Grease that rusty guillotine

Dominique Moïsi compares François Hollande with Louis XVI and warns that if he (Hollande) does not learn his history lessons he will have to face the consequences. That's great. By that I don't mean the apparently imminent execution of Hollande but the fact that this is finally a historical comparison that does not involve Heinrich Brüning or the rise of fascism in the 30s. But there are some points that remain unclear in Moïsi's argument. I have done some comparisons of 18th history with the present myself. That kind of long term comparison is often tempting, sometimes illuminating, but always tricky because of huge differences in the historical context.

Moïsi's main point is that the 'Ancien regime ... fell ... when the privileges of the aristocracy were no longer perceived as the counterpart to services rendered to society' and that we are seeing a similar situation today. This, he thinks, is the sign of deep crisis of the political system. 

The first question that I would like to ask Moïsi is how deep he thinks the political crisis is today in comparison to the late 18th century. My impression is that if growth rates were to pick up again from tomorrow we would see the talk about a political crisis in France disappear rather quickly. Before the French Revolution there were a few bad harvests, but most historians would agree that even with extraordinary harvests the Ancien Régime would not have survived because its structural problems were to big. 

This leads to the question of whether there are any structural problems today that are comparable to those under the Ancien Régime. Moïsi seems to think so, but does not really spell out what he means. So let me give this a shot:

The main obstacle to resolving the debt crisis of the French state were the fiscal priviliges of the aristocracy and the church. Their near complete exemption from taxation meant that a substantial part of revenues could not be taxed. Taxation on the revenues that could be taxed therefore became oppressive. In the words of Michael Kwass the Ancien Régime was a 'welfare state for the rich'. But government revenue still remained too low to provide for the increasing expenses, mainly for warfare. This was clear to most contemporaries but the political structure of the Ancien Regime meant that this could not be changed. Those who were unhappy with the status quo had not political power and those who had political power were quite happy to leave things as they were. Political elites used their political power to protect their economic privileges, thereby undermining the stability of the whole system. Of course the collapse of the Ancien Régime was not only a fiscal matter, but it was one of the central problem. 

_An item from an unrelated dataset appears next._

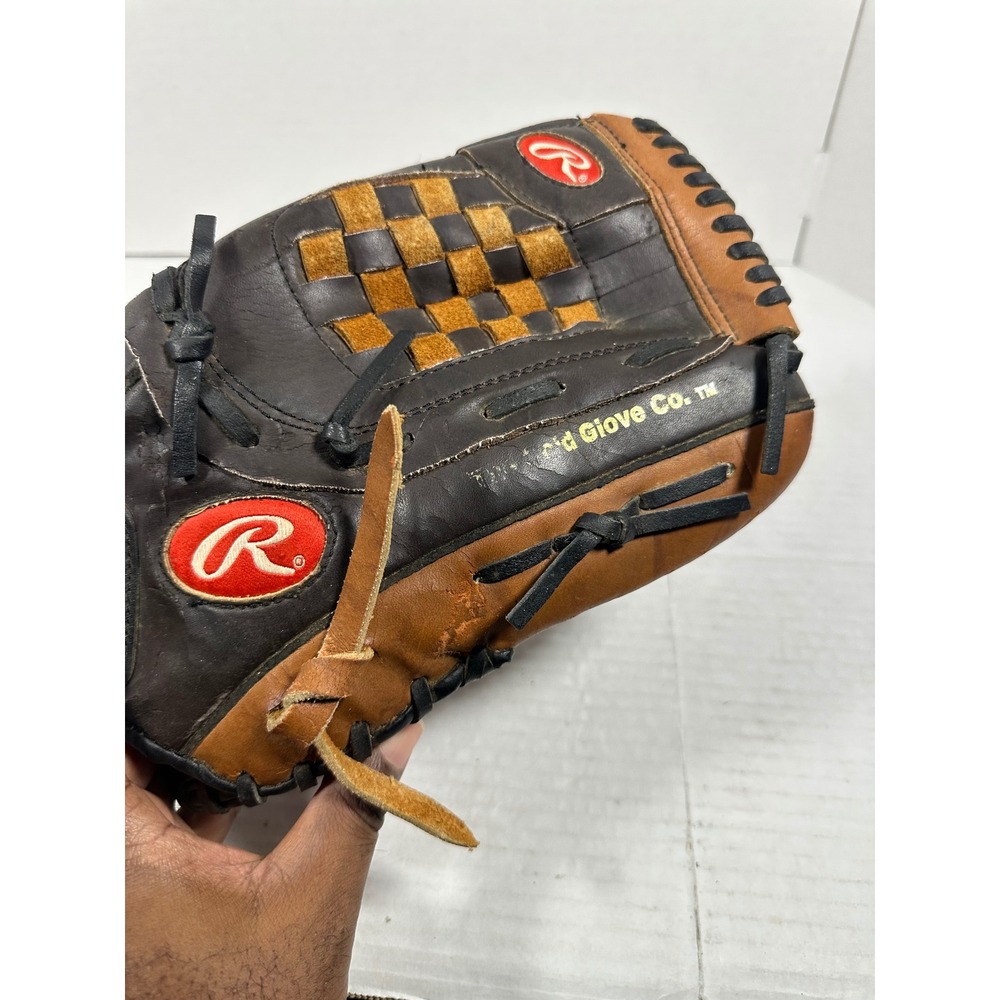 Rawlings PL130 Players Series 13 Inch Baseball Glove Right Hand Throw Basket-Web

What about today? Are there similar structural problems that prevent a solution of the current debt crisis? I would say yes but in a roundabout way. In most industrialised countries, the policies of the last decades have led to shift of the tax burden from the rich to the poor. At the same time, wealth and incomes have been redistributed from in the opposite direction. There may be some effect of this shift on overall government revenue. This may be a similarity to the Ancien Régiem. But I would argue that this development resulted mainly in a shift of the tax burden that left overall government revenues intact. The real problem lies in an other effect of growing inequality: domestic demand is depressed and growth remains sluggish. Over the last decades the solution in many economies was increasing private debt but this creates problems of its own of which we are now well aware. So, I would agree that the fiscal policies put into place by today's political elites in the interest of economic elites let to the current crisis. But the mechanism is more complex than in the 18th century. 

However, as perceptive readers will have spotted, there's a missing link in this argument. In the 18th century economic and political elites were to a large degree congruent. It's easy to see why the Duke of Orleans would and could oppose fiscal reform. He was both an extremely wealthy man and the brother of the king. But today's political elite is--which a few notable exceptions--not part of the economic elite. It is therefore much more difficult to explain why policies that benefit the economic elite are put in place. Is it because politicians are slaves to the ideas of defunct economists? Hayek and Friedman in this case? But this merely begs the question of why they're not slaves to defunct economists with different views. Or do party donations play a role in shifting political power from the masses the elite? More questions than I can answer in one blog post. But worthwhile thinking about.